`UK Nonlinear News`,
`November 2000`

Springer-Verlag 1998

0-387-98381-3

766 pages

£53.50 (£47.63 from Amazon).

It is widely thought that whereas the 20th century saw a massive expansion in the applications of nonlinear mathematics to the physical and engineering sciences, in the 21st century we will see a similar development in its applications to biology. This is something of great potential benefit to both disciplines: on one hand the life sciences are increasingly facing fundamental problems that require mathematical skills for their solution, and one the other such problems often stimulate the development of novel mathematical ideas. Despite this, there are still relatively few mathematicians working in this area, particularly in the UK. As someone who acts as a first point of contact for biologists looking for mathematical help, I am constantly faced with the problem of far more enquiries from biologists than of mathematical colleagues willing or able to help. This is also reflected in the shortage of books in this area, compared to say the vast range that is now available in the field of nonlinear dynamics in general.

Physiology is an ideal subject for the application of mathematical techniques, in that it seeks to integrate the behaviour of entities at the molecular or cellular level to understand the behaviour of whole tissues or organisms. This is in comparison to, for instance, molecular biology, which tends to focus much more on at most the interaction of one or two molecules in isolation. Furthermore, physiological systems are almost always inherently nonlinear (if only because most physiological processes have to saturate at some stage or another). Despite these attractions, there are as far as I am aware no texts at any level dealing with the application of mathematics to physiology. This is perhaps partly due to the current fashion for molecular methods in biology, and hence the relative lack of exposure of physiology to those outside of the field.

The appearance of this monumental volume on Mathematical Physiology is thus extremely welcome. It is written by two international experts in the field, and covers an enormous range of physiological applications. It is well written, and well structured, beginning with basic techniques such as reaction kinetics and membrane electrophysiology, which are then repeatedly applied to more complex biological systems, including the nervous system, the circulation, the kidney, the eye and the ear, and many others. Each topic is introduced with a brief description of the biology, a detailed derivation of an appropriate model, and then a thorough analysis of the resulting equations. The mathematical tools are on the whole straightforward, consisting mainly of low dimensional ordinary differential equations, with an occasional partial differential equation. The volume should thus be easily accessible to most graduate students in nonlinear dynamics, as well as many final year undergraduates in applied mathematics. At UCL we have already put it at the top of the list of books we recommend to incoming students on our new interdisciplinary 4 year PhD programme.

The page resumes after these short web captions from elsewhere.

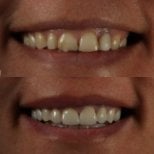 Before and after zirconia crown results at Grand Dental Hospital & Laboratory, smile restoration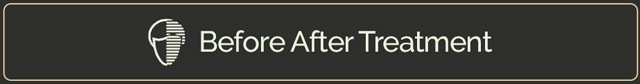 Before After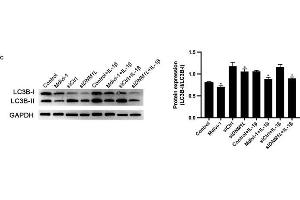 DNM1L deficiency reduces ROS production and autophagy in FLS. (GAPDH Antikörper)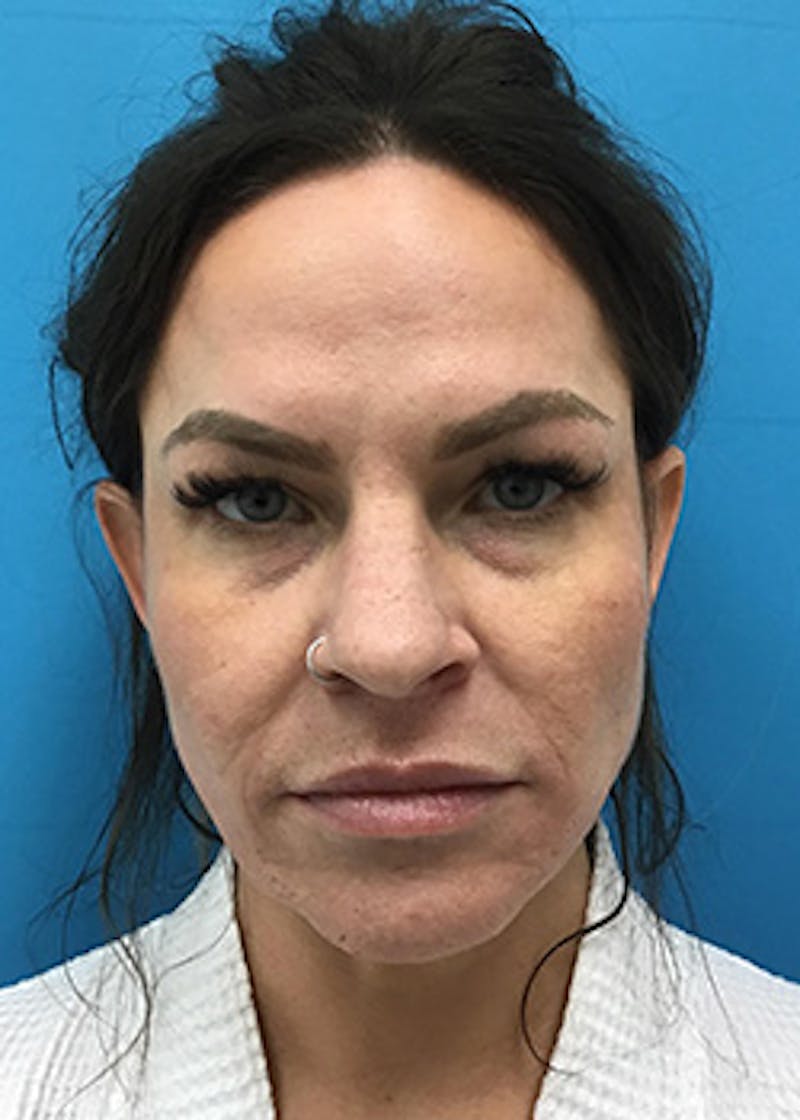 FaceTite Before & After Gallery - Patient 148410569 - Image 2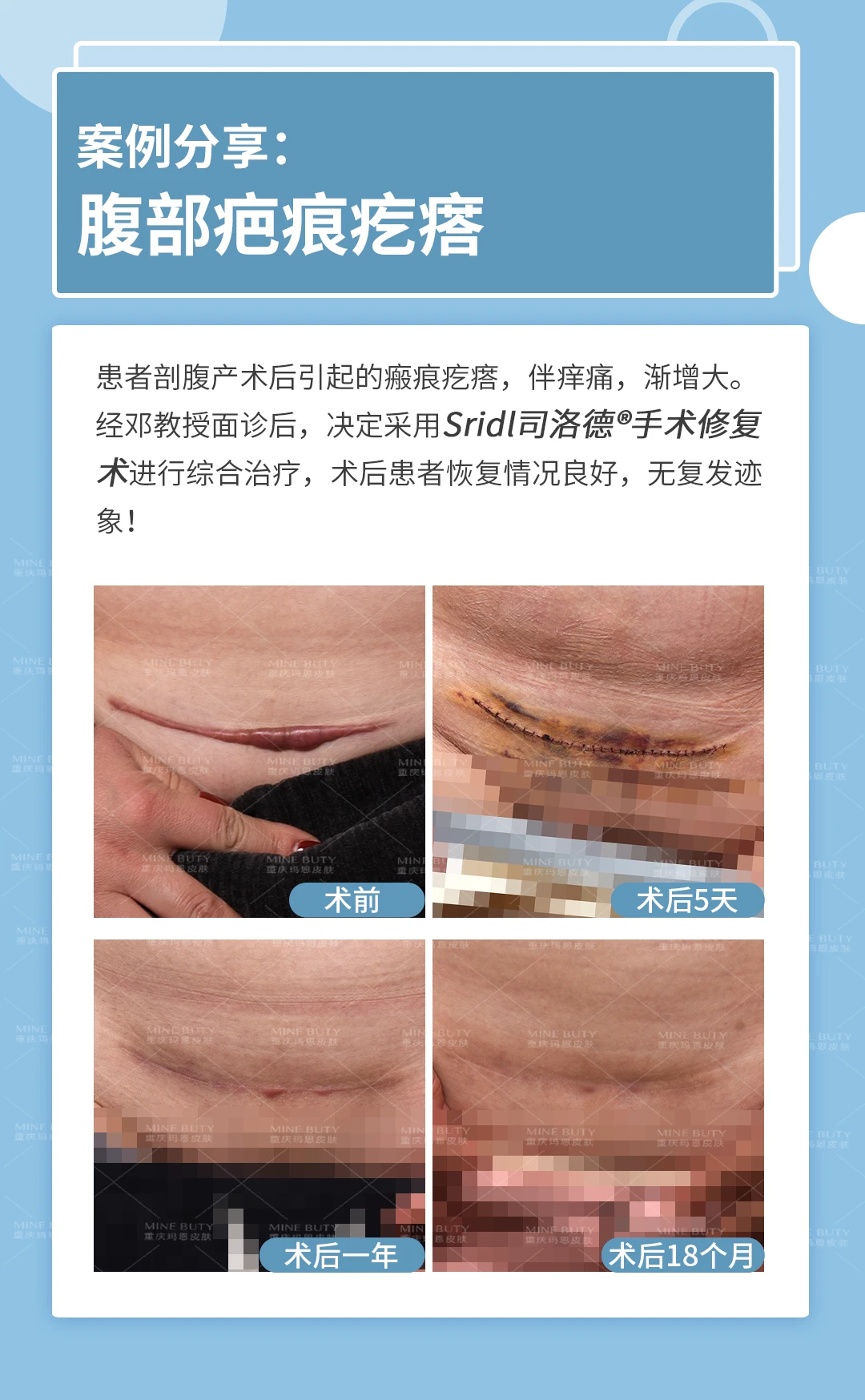 剖腹产后怎么样进行疤痕的处理？ - 知乎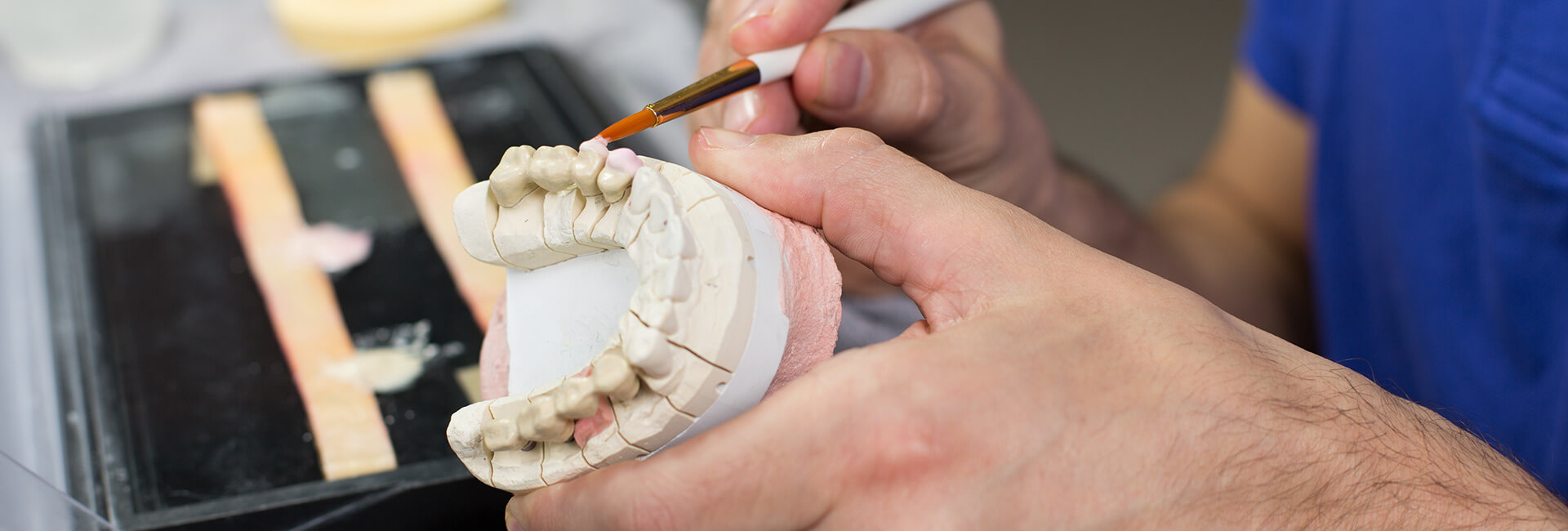 Prosthodontics - Argyle Family Dental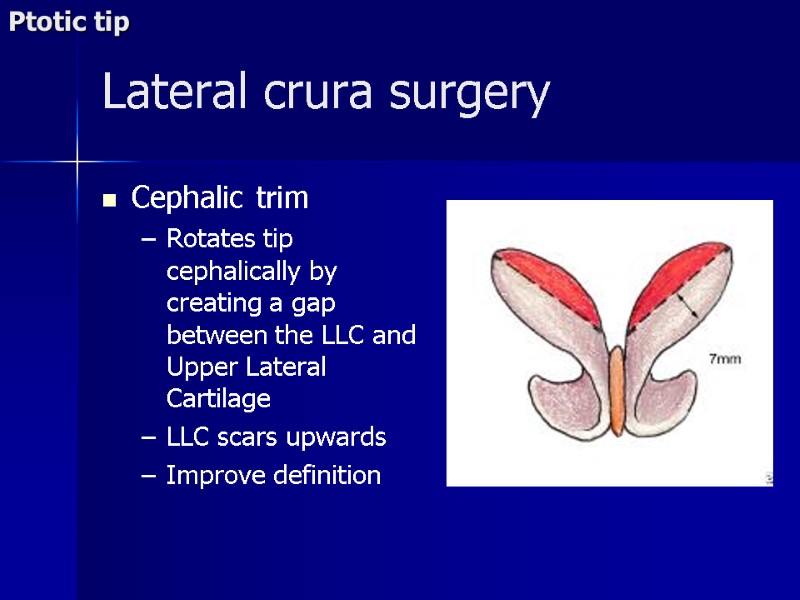 Lateral crura surgery Cephalic trim Rotates tip cephalically by creating a gap between the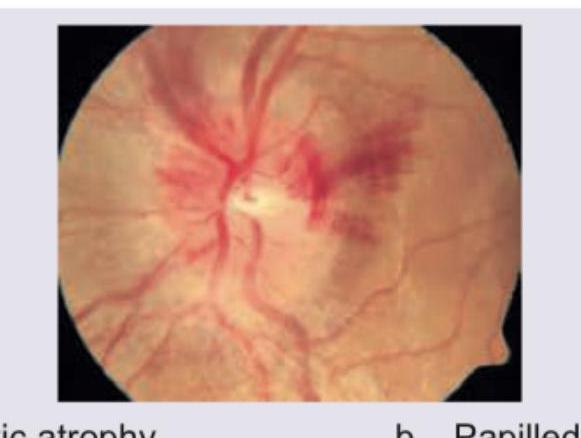 Image for question 450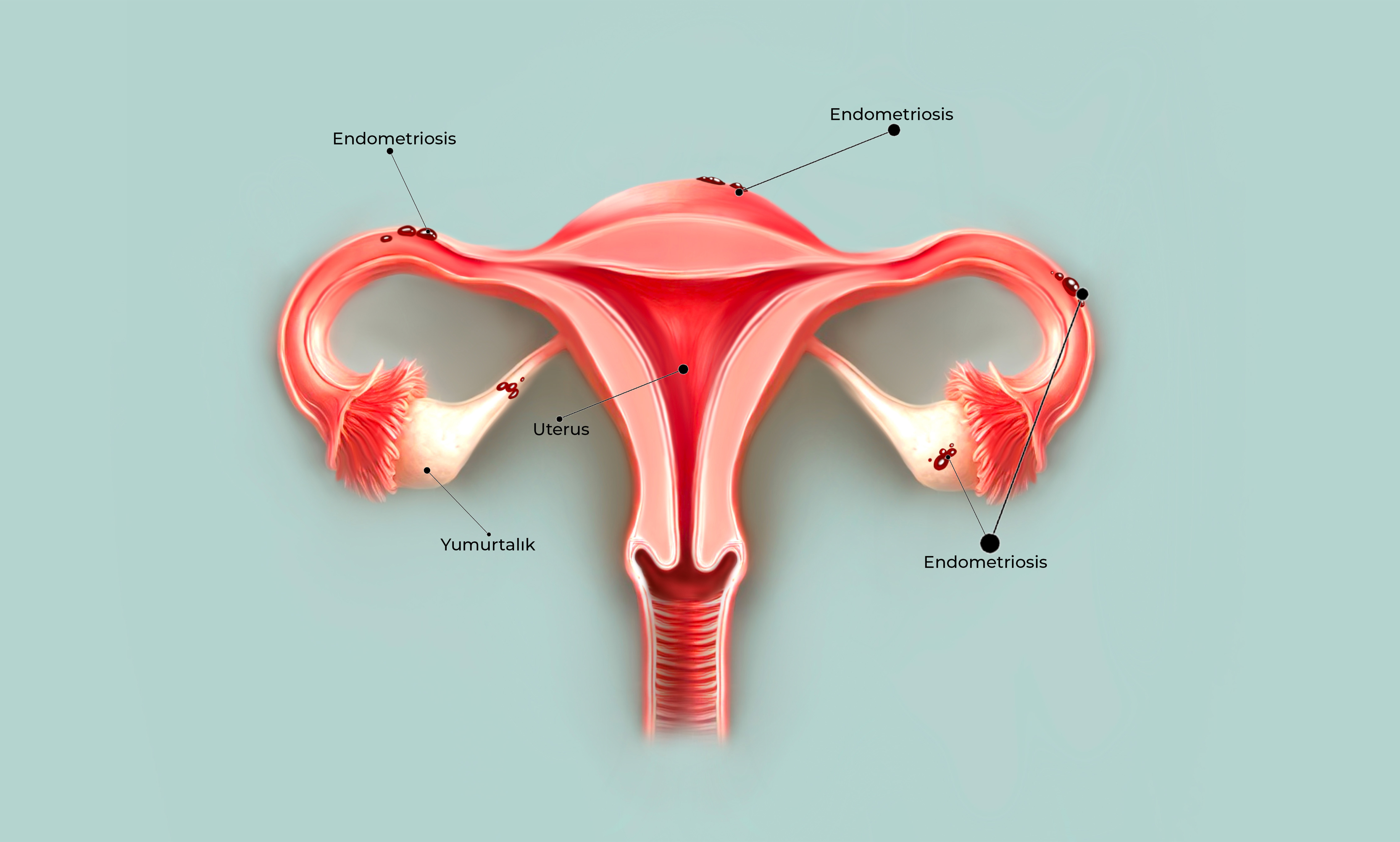 Endometriosis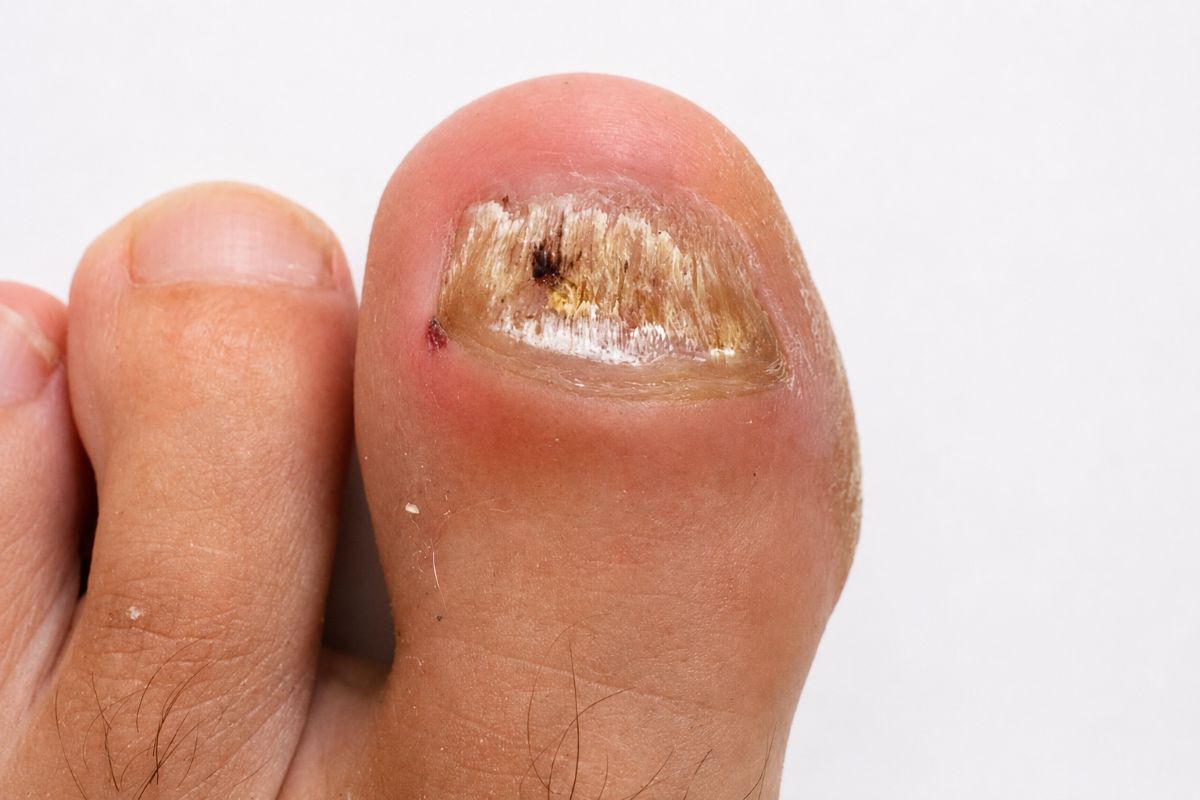 Nagelpilz Laser vorher nachher kritisch betrachten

My only possible criticism is the heavy emphasis on mathematics at the expense of biology. Often, having developed and analysed a model there is little attempt to draw biological conclusions, or to suggest new biological hypotheses or experiments. Thus, whilst the book shows very well how biology motivates the development of interesting mathematics, there is much less indication of how mathematics can help solve fundamental biological problems. Furthermore, the material is presented in such a way that I doubt many physiologists (even those whose background is originally in physics or mathematics) would be able to make much headway with it. Of course, such criticisms can be applied equally well to most current work in mathematical biology, and it is not even clear that in a massive text such as this it is possible to achieve a more equal balance. Certainly, including more biological material would make the volume even longer, and might ruin the clear and logical exposition that is one of the books great strengths.

Overall, I therefore think that this is an immensely impressive work, which should be of interest to a wide audience. I am sure it will serve to get many young mathematicians excited about this developing field, and hence in writing it the authors have done the community a valuable service. I thoroughly recommend anyone with any interest in the interaction of mathematics and the life sciences to read it.

A listing of books reviewed in `UK Nonlinear News`
is available.

`UK Nonlinear News` thanks
Springer-Verlag for
providing a review copy of this book.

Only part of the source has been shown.